UK political parties’ accounts published
Financial accounts of political parties and accounting units have been published today by the Electoral Commission. The accounts of 18 political parties and ten accounting units in the United Kingdom with income or expenditure over £250,000 have been published.
The accounts are for the year ending 31 December 2021.
Louise Edwards, Director of Regulation at the Electoral Commission, said:
“We are committed to making sure political funding is transparent. Larger parties spend and receive considerable sums of money so it’s important that information on their finances is accessible to the public. Publishing their accounts allows voters to see how parties are funded and choose to spend their money.”

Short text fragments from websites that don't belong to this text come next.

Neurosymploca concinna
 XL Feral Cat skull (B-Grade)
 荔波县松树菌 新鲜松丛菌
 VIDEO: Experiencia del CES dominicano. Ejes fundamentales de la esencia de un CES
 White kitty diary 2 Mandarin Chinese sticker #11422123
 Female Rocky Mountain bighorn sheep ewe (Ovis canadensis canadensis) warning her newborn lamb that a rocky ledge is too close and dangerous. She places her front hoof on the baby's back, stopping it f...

Party income or expenditure over £250,000
Nineteen parties in the UK reported having an income or expenditure of more than £250,000. Due to an extended deadline for one party, we are publishing the accounts of 18 parties today.
In total, these parties reported £100,299,297 of income and £105,951,989 of expenditure. This compares with 15 parties that reported over £250,000 in 2020, reporting totals of £86,441,126 of income and £91,960,717 of expenditure.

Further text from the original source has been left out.